### The records:

+--

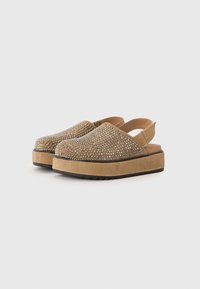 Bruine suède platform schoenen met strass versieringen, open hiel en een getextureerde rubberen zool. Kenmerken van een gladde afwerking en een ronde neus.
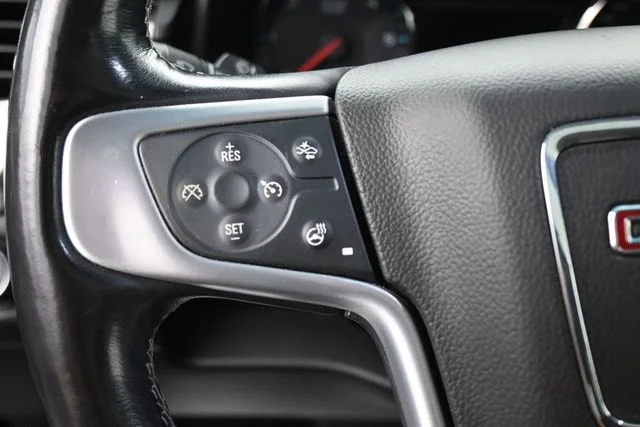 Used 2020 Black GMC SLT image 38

+--

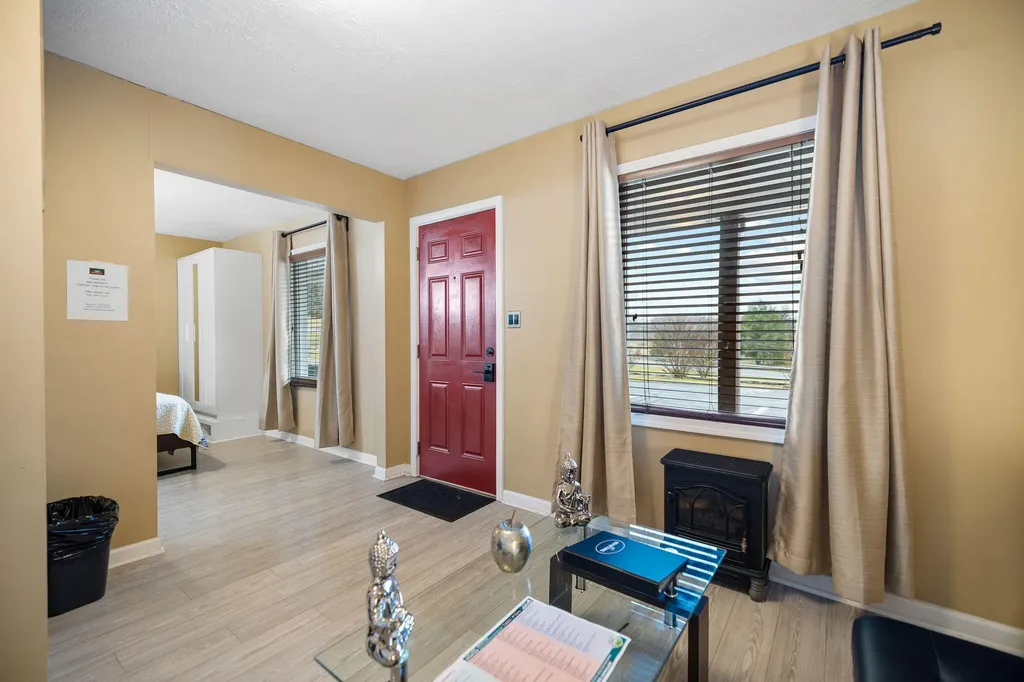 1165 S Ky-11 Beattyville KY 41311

+--

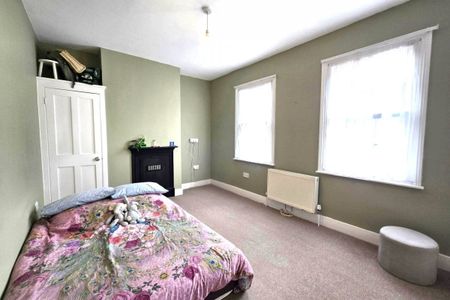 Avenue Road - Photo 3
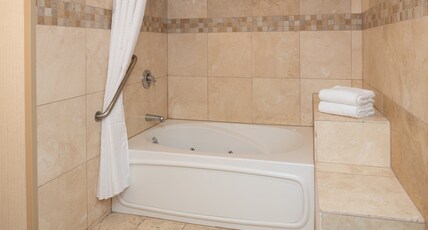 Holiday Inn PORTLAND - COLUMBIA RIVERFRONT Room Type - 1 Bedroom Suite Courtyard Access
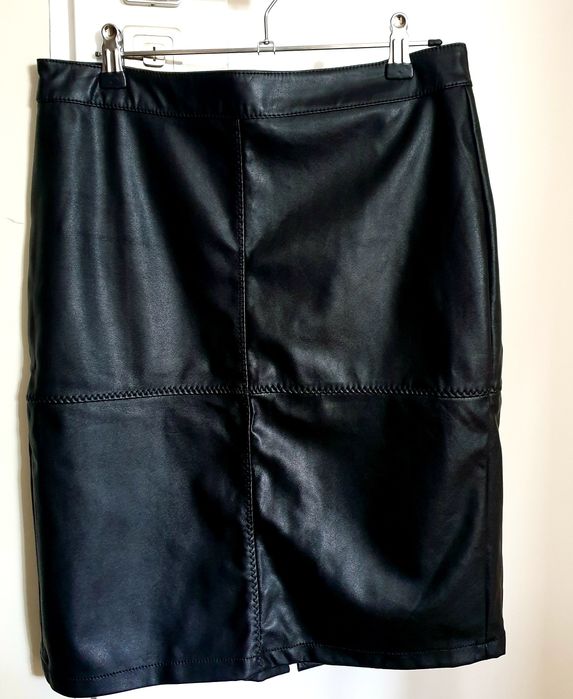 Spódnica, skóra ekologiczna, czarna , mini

+--

### Problem:
Take the lines above starting at the one containing "Bruine suède platform" and ending at the one containing "Used 2020 Black GMC SLT image 38", and print them again exactly, without pictures.

### Solution for this task:
 Bruine suède platform schoenen met strass versieringen, open hiel en een getextureerde rubberen zool. Kenmerken van een gladde afwerking en een ronde neus.
 Used 2020 Black GMC SLT image 38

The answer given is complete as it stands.